"Kamu bisa membawanya pada Edward"
Mengerjab, memastikan apa yang di dengar Neira barusan adalah benar. kenapa harus Edward yang pria itu sebutkan bukan rumahnya, alangkah lebih baik jika Leonar menyuruh untuk menunggu disana, maka Neira akan patuh terhadapanya.
Menghela, pandangannya tertuju pada punggung pria tersebut yang menjauhinya, entah kenapa Neira begitu dikuasai perasaannya sekarang. Bibirnya terkatup rapat, ada bening yang berusaha memenuhi kelopak mata indahnya. Apakah Leonar benar-benar akan meninggalkannya sehingga ia harus memberi perintah pada Grifson untuk membawanya kembali pada kakaknya.
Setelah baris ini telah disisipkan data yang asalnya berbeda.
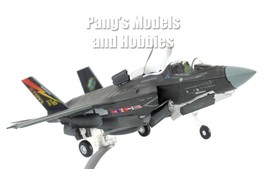 F-35B (STOVL, F-35) Lightning II VX-23 &quot;Salty Dogs&quot; US NAVY - 1/72 Scale Model - £47.36 GBP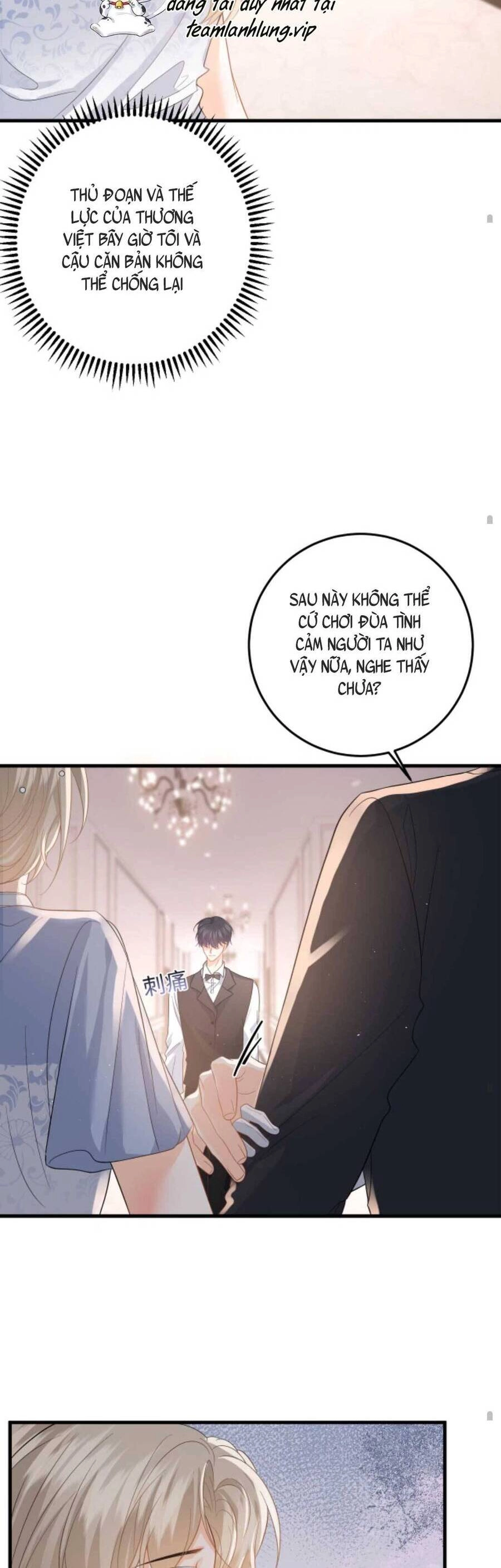 Xuyên Nhanh : Nhân Vật Phản Diện Quá Nuông Chiều Ta Chapter 46 - 18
"Mari, saya antarkan pada tuan Edward" Suara Grifson menyentaknya. Ia menolehkan wajahnya dan mendapati raut laki-laki tersebut begitu tenang.
" Bisakah aku punya pilihan lainnya?" mungkin Leonar ataupun Grifson sangat hafal dengan penolakannya sehingga laki-laki disampingnya ini tidak begitu terpengaruh dengan penolakannya kali ini.
Tapi, saat ini Neira benar-benar ingin menunjukkan rasa tidak nyamannya jika ia bertemu kembali dengan Edward, karena sang kakak sudah sangat berbeda, apakah dengan berbeda ibu harus ada jurang kesenjangan yang benar-benar menghalangi mereka, bukannya dulu mereka begitu sangat dekat lantas kenapa Edward tidak langsung meraihnya dan memeluknya saat tadi ia bertemu dengannya.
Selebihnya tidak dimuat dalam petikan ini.